A federal appeals court ruled Tuesday to resurrect a lawsuit filed on behalf of a kindergartner who was expelled for wearing little blue earrings to school.

Rocky Mountain Classical Academy in Colorado Springs is a K-8 charter school. It has a dress code, some portions of which apply only to girls and others only to boys. One aspect of the gender-specific dress code is that girls are permitted to wear small earrings to school, but boys are banned from wearing earrings at all.

According to the code:

Tattoos and body piercings, other than girls’ earrings, are not allowed. Earrings must be limited to one earring per ear. Large, dangling, or hoop-type earrings are not allowed. Jewelry other than watches for boys or girls, and small earrings on girls, may not be worn.

In 2019, the mother of a student identified as “John Doe” sued the school and some of its administrators for sex discrimination after her 5-year-old son was expelled for wearing earrings to school and failing to follow the dress code.

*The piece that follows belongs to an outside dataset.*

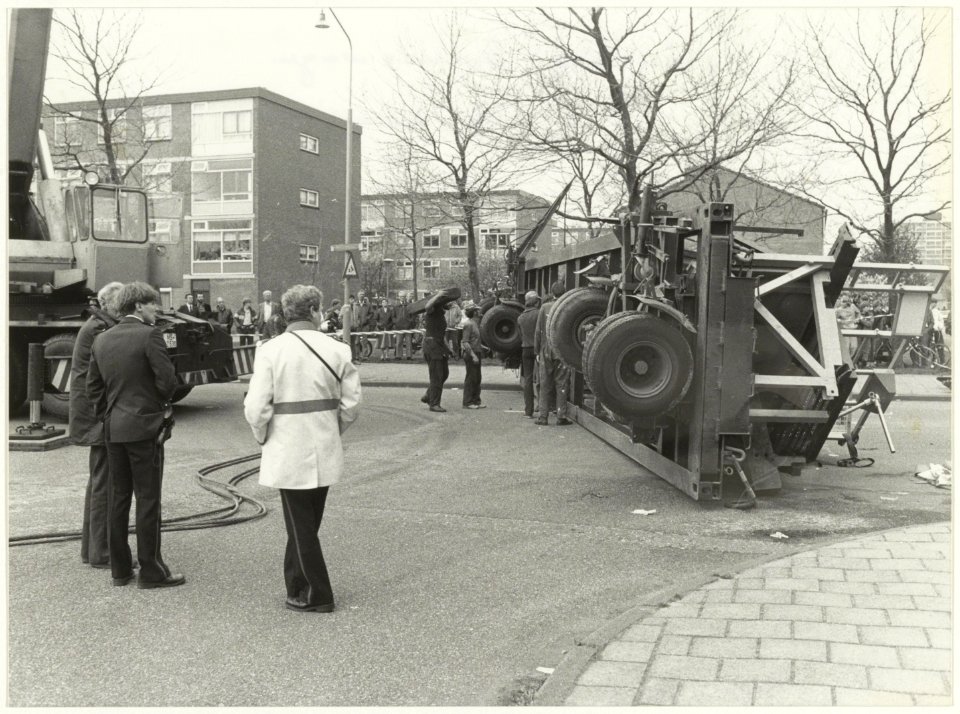 Gekantelde kermiswagen op de Engelandlaan. NL-HlmNHA 54015209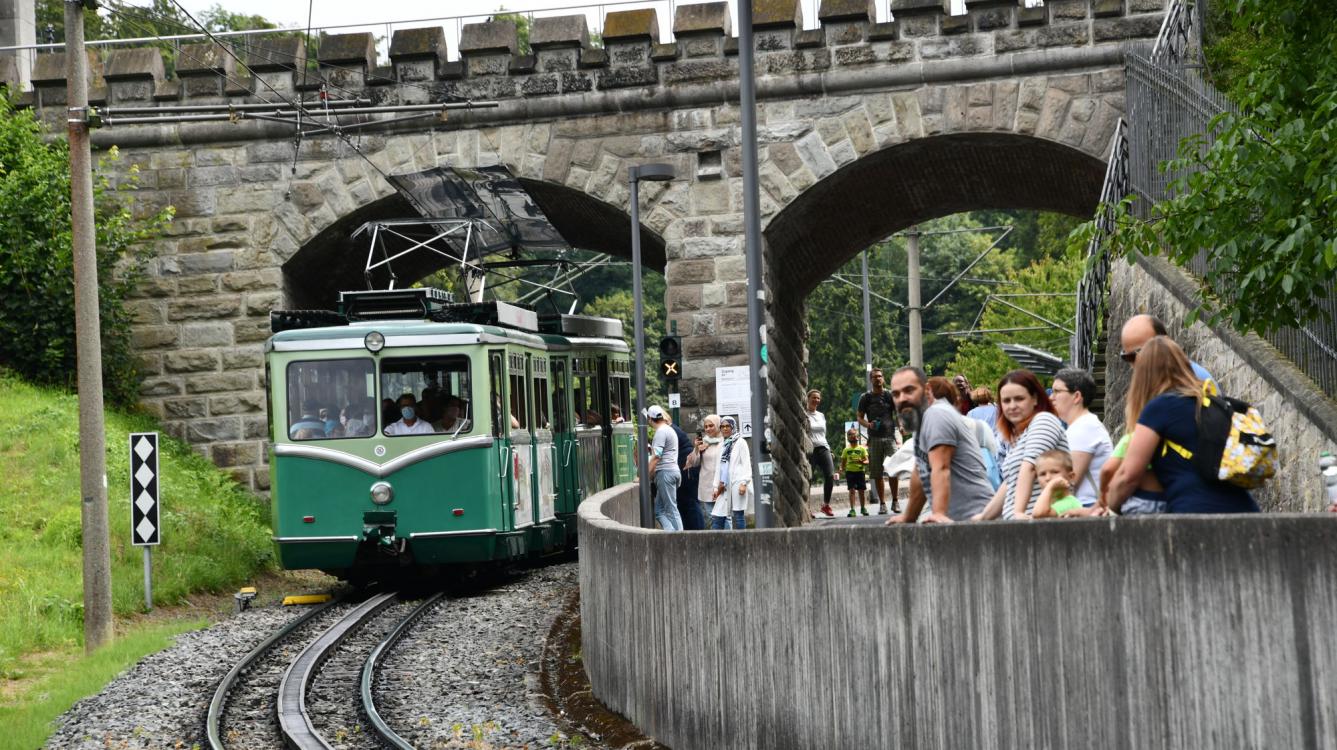 Schloss Drachenburg est situé à mi-distance de la ligne qui fait 1.5 Km retour des rames 3 et 2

The mother said her son wore “small, blue stud earrings” that she said were consistent with the dress code policy for girls, according to the ruling.

She also said that prior to her son’s expulsion, she attempted to raise concerns over the dress code with the school and the school board on multiple occasions, but to no avail.

In 2022, Donald Trump-appointed U.S. District Judge Daniel D. Domenico threw out the mother’s lawsuit finding that the school’s dress code “imposes comparable burdens on students of both sexes,” and is therefore not discriminatory. The mother appealed to the U.S. Court of Appeals for the Tenth Circuit and a unanimous three-judge panel reversed Domenico’s ruling in a brief ruling.

U.S. Circuit Judge Joel Carson, another Trump appointee, wrote for the panel, which also included U.S. Circuit Judges Harris Hartz, a George W. Bush appointee, and Carolyn McHugh, a Barack Obama appointee.

Carson said that Domenico should not have applied a “comparative burdens” test to the case.

“For the last forty-seven years, the Supreme Court has recognized only one test for determining whether a sex-based classification violates the right to equal protection under the Fourteenth Amendment,” Carson said, referring to the intermediate scrutiny analysis applicable to claims of sex discrimination.

“In this case, a Colorado charter school urges us to replace that test with another,” Carson continued. “We decline the invitation.”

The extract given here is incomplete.